The interobserver agreement was evaluated by Cohen’s kappa statistic, where the kappa value (k) denotes the strength of agreement and is interpreted as follows: 0–0.2, poor; 0.2–0.4, fair; 0.4–0.6, moderate; 0.6–0.8, good; 0.8–1.0 very good. Statistical significance was defined as a p-value < 0.05. Statistical analysis was performed by MedCalc software version 9 (Mariakerke, Belgium).

3. Results

There were 81 thyroid nodules in 71 patients undergoing both nUS and FNA in the initial database. After applying our exclusion criteria, in our study, we finally included 41 nodules in 36 patients (Figure 1). Twenty-six patients were female (72.2%), and ten patients were male (27.8%). Median age was 15 years (11–17 years), with the final cohort including 12 prepubertal and 24 postpubertal patients. The nUS indication was the following: autoimmune chronic thyroiditis (±hypothyroidism) in 17 patients (47.2%); excluding thyroid disease in nine patients (25.0%); palpable thyroid nodules (±goiter) in six patients (16.7%); Graves’ hyperthyroidism in four patients (11.1%). Among the 36 patients, 28 (77.8%) had a solitary thyroid nodule, and eight patients (22.2%) had multiple thyroid nodules. The median nodule’ s maximal dimension was 13 mm (10–16 mm). Of the 41 thyroid nodules, 29 (70.7%) were benign (of which six (20.7%) underwent surgery) and 12 (29.3%) were malignant. Serum calcitonin was negative in all cases.
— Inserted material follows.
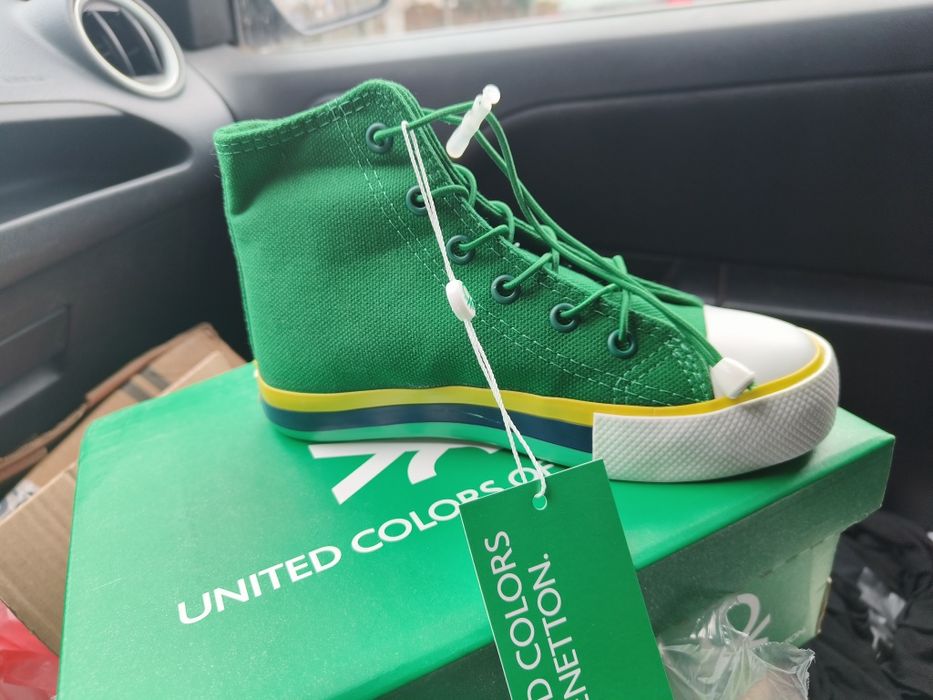 Benetton  детски кецове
Most cancers were papillary carcinoma (10 (83.3%) of 12, nine conventional variants, including one multifocal and one follicular variant), followed by follicular carcinoma (two (16.7%) of 12). Median maximal dimension of malignant thyroid nodules was 10 mm (7–13). The characteristics of our patients are shown in Table 1.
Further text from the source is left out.